Au lieu des 2 millions $ estimés, le projet a entraîné des coûts de 1,5 million $, a précisé M. Russell, également président de la Corporation d'aménagement récréo-touristique de la Haute-Yamaska (CARTHY), lors d'un point de presse tenu au Relais des cheminots, à Shefford. 

À l'heure actuelle, la MRC de la Haute-Yamaska et la ville de Bromont se partagent les coûts. Mais une demande d'aide financière a été logée au Programme d'infrastructure communautaire de Canada 150. Dans un monde idéal, ce programme pourrait permettre de réduire encore la facture de 500 000 $, souligne Pascal Russell.  

Ce dernier n'a d'ailleurs pas manqué l'occasion de demander au nouveau député de Shefford, Pierre Breton, qui était présent hier, de porter cette demande à Ottawa. L'octroi de cette aide financière aurait pour effet de diminuer la part des municipalités, note M. Russell.

Chantier

Les travaux ont permis le nettoyage et le remplacement des ponceaux, l'amélioration du drainage des fossés, la pulvérisation de la fondation existante sur toute sa largeur, le pavage d'une couche d'enrobé bitumineux ainsi que le marquage de la chaussée.

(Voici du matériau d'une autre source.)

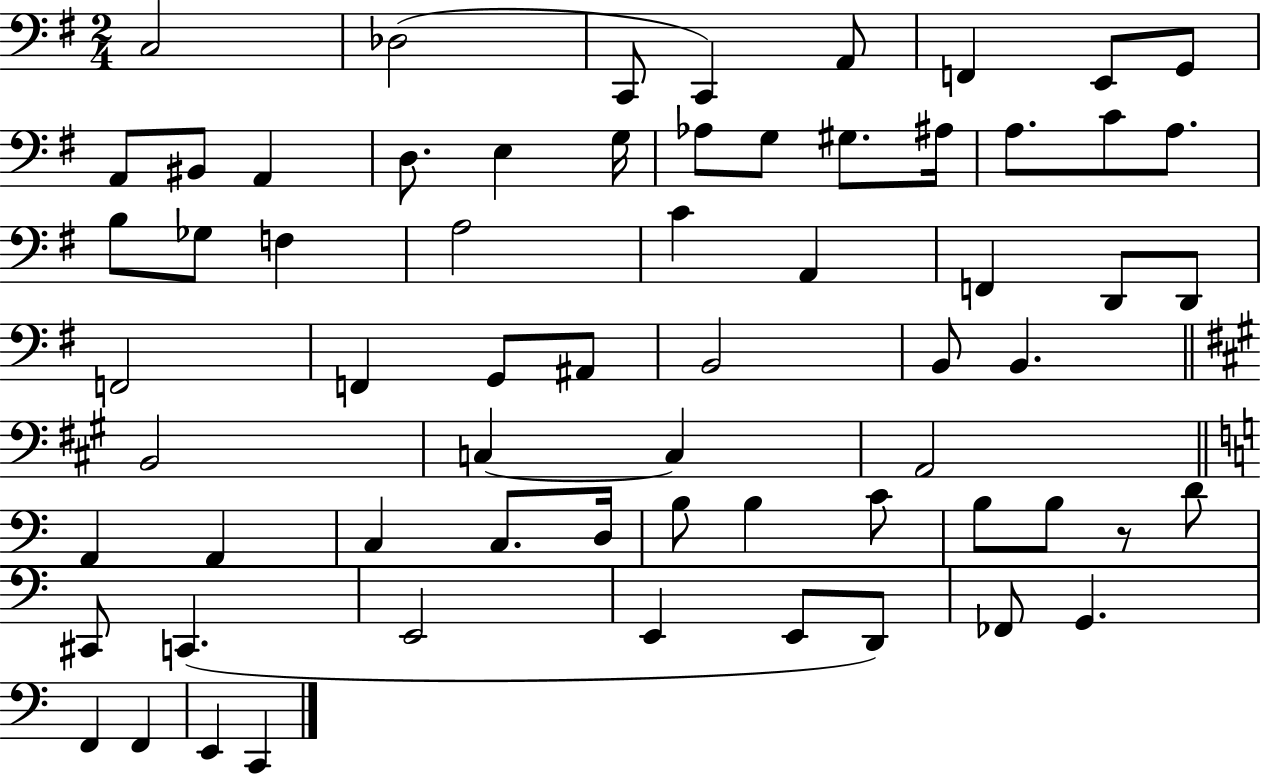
C3/h Db3/h C2/e C2/q A2/e F2/q E2/e G2/e A2/e BIS2/e A2/q D3/e. E3/q G3/s Ab3/e G3/e G#3/e. A#3/s A3/e. C4/e A3/e. B3/e Gb3/e F3/q A3/h C4/q A2/q F2/q D2/e D2/e F2/h F2/q G2/e A#2/e B2/h B2/e B2/q. B2/h C3/q C3/q A2/h A2/q A2/q C3/q C3/e. D3/s B3/e B3/q C4/e B3/e B3/e R/e D4/e C#2/e C2/q. E2/h E2/q E2/e D2/e FES2/e G2/q. F2/q F2/q E2/q C2/q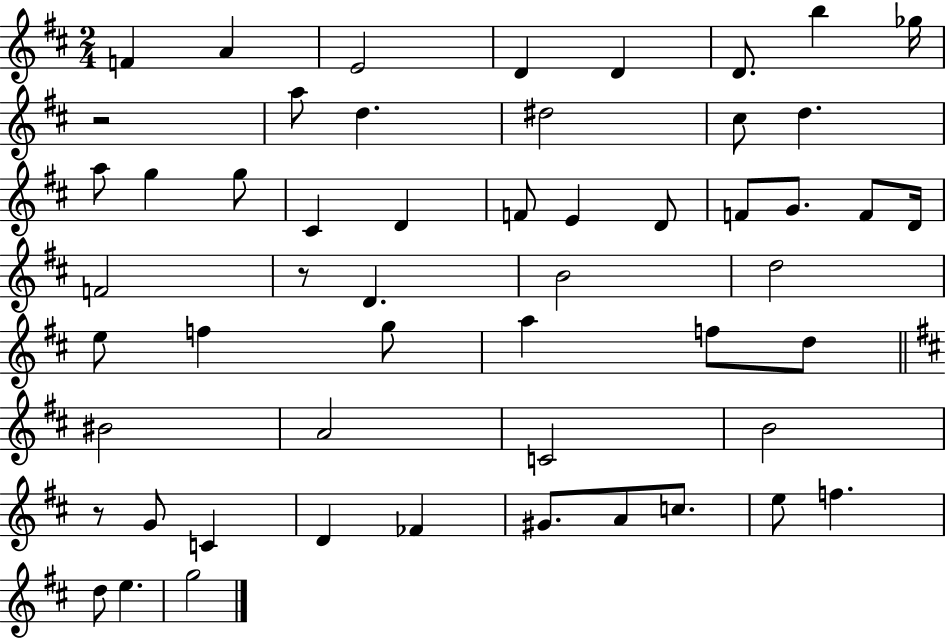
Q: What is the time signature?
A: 2/4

Selon Pascal Russell, la MRC et CARTHY ont toutefois dû surmonter des embûches dans le cadre de ce projet. Des autorisations du ministère du Développement durable, de l'Environnement et de la Lutte contre les changements climatiques (MDDELCC) ont entre autres dû être obtenues pour réaliser des travaux non prévus en milieu humide, ce qui a modifié les échéanciers. Mais le préfet affirme que «Dame nature» aidant, les travaux se sont déroulés rondement entre les mois de juillet et novembre.

Une logistique de resurfaçage plus facile que prévu a notamment pu permettre de réduire les coûts, ajoute-t-il.

Éventuellement, la MRC et CARTHY pourraient réaliser une nouvelle phase de travaux, alors que les ponceaux du lien cyclable qui permet de joindre le parc national de la Yamaska ont besoin d'être nettoyés ou réparés.

Selon Pascal Russell, CARTHY investit déjà quelque 290 000 $ annuellement pour assurer l'entretien, les opérations, la sécurité et la promotion du réseau cyclable qui compte 91 km en Haute-Yamaska. «Environ 70 % des utilisateurs sont nos propres citoyens, il faut leur donner des infrastructures pour qu'ils puissent s'entraîner de façon sécuritaire», dit-il.

En 2015, le nombre de passages a oscillé autour de 400 000, en hausse de 45 000.